◆ **What needs to be done**: Omit the pictures, then reproduce every remaining record exactly.

(Referring expression grounding data)

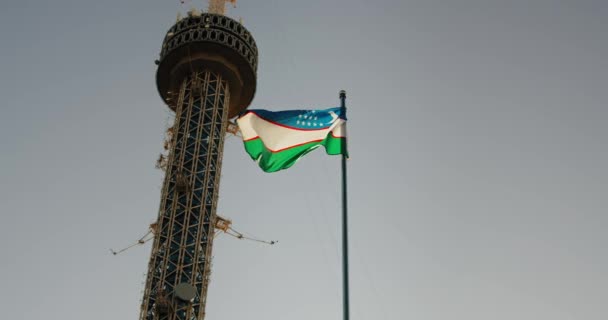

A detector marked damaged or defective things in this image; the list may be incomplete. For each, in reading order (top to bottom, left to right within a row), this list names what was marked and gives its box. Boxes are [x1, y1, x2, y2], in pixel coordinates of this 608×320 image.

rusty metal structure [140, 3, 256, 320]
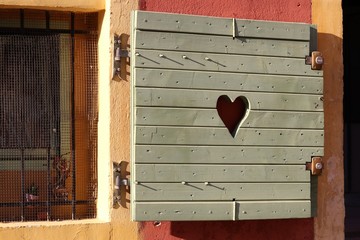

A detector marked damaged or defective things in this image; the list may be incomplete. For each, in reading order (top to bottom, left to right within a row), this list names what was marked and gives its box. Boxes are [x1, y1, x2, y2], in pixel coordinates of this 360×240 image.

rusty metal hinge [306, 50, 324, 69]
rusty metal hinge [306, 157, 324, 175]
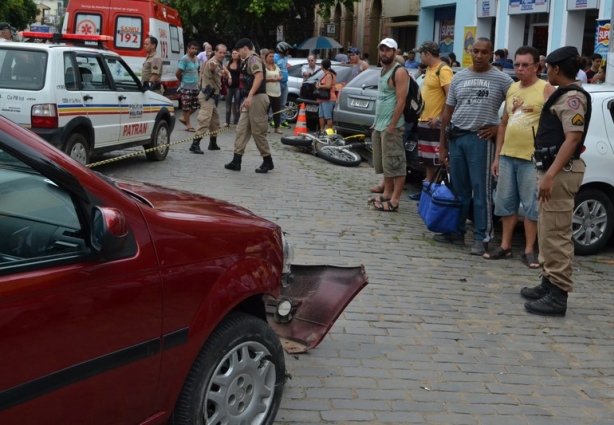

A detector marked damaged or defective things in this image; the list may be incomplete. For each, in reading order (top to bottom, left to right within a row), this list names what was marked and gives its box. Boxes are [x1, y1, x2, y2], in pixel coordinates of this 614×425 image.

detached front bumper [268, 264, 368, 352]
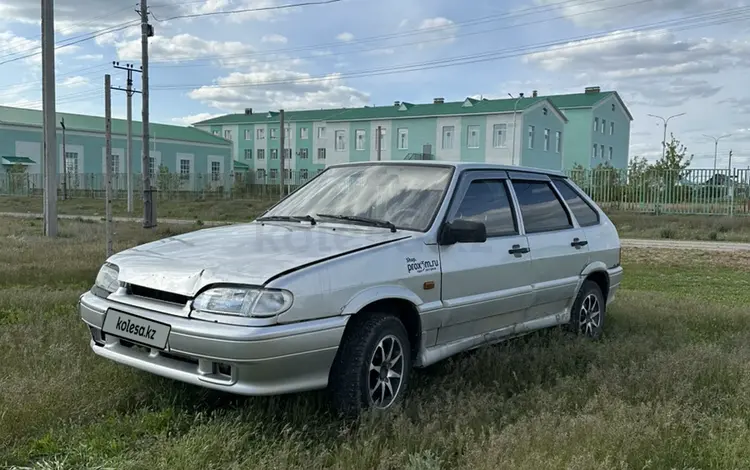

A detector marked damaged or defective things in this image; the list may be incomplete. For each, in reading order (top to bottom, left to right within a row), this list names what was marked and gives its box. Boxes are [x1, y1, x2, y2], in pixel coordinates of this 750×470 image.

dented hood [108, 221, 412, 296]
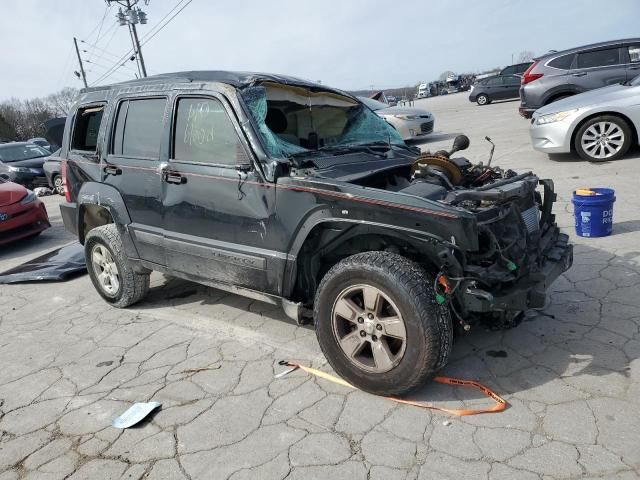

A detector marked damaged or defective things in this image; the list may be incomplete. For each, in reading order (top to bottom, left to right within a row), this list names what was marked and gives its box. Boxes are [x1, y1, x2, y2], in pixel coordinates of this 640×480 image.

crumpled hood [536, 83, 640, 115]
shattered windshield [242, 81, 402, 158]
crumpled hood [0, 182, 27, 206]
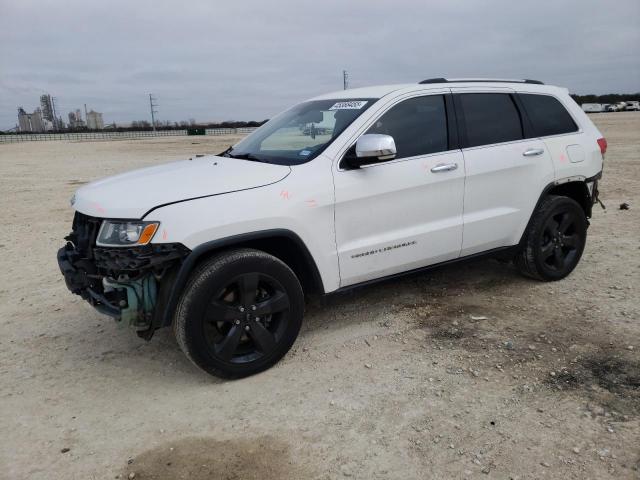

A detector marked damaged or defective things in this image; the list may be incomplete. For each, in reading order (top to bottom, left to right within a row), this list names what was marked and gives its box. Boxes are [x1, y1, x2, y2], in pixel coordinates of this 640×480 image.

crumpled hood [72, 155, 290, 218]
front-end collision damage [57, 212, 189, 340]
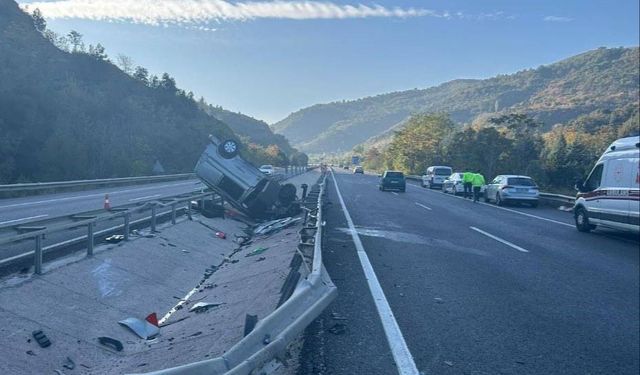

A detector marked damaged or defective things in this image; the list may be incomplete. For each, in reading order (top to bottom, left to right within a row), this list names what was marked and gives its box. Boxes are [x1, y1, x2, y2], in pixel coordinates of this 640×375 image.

◆ **Solution for this task**:
A detector marked damaged or defective things in this image; the list may be incomplete. For each, in reading order (top to bottom, left to right within a row), this list names what was marked and gives its box. Boxes are [x1, y1, x2, y2], in pixel coordinates of this 608×320 image.

rusty metal structure [140, 3, 256, 320]

A detector marked damaged or defective things in this image; the list may be incomplete. For each, in reading order (top to bottom, left to right within a row), this list names what was marked and gives its box. Boxes are [x1, y1, x2, y2], in pixel coordinates of this 360×240 image.

rusty metal hinge [306, 50, 324, 69]
rusty metal hinge [306, 157, 324, 175]

A detector marked damaged or defective things in this image; the list may be incomplete. For each, in reading order (top to bottom, left to right within a row), this list names what was marked and gives its box. Boxes are [x1, y1, x2, y2], in pixel coordinates of this 614×425 image.

detached front bumper [268, 264, 368, 352]

A detector marked damaged or defective things in this image; the list may be incomplete. For each, in reading order (top to bottom, left to right within a row), this list names what was marked and gives its box. Boxes are [x1, y1, x2, y2], in pixel coordinates of this 750×470 image.

dented hood [108, 221, 412, 296]

A detector marked damaged or defective things in this image; the list may be incomplete. For each, in reading order (top to bottom, left to right within a row), this list names what was marked and gives its box. Boxes are [x1, y1, x2, y2], in pixel coordinates of this 640×480 image.

crumpled hood [536, 83, 640, 115]
shattered windshield [242, 81, 402, 158]
crumpled hood [0, 182, 27, 206]

A detector marked damaged or defective things in this image; the list may be incomplete. For each, in reading order (top to bottom, left to right within a row), this list names what was marked and gives its box. Boxes are [x1, y1, x2, y2], in pixel coordinates of this 640×480 image.

crumpled hood [72, 155, 290, 218]
front-end collision damage [57, 212, 189, 340]

A detector marked damaged or defective things in this image; the list may be incomplete. For each, in reading order (top to bottom, left to right within a row), this list names what was marked and gives its box. Boxes are [x1, y1, x2, y2], in pixel coordinates of this 640×375 image.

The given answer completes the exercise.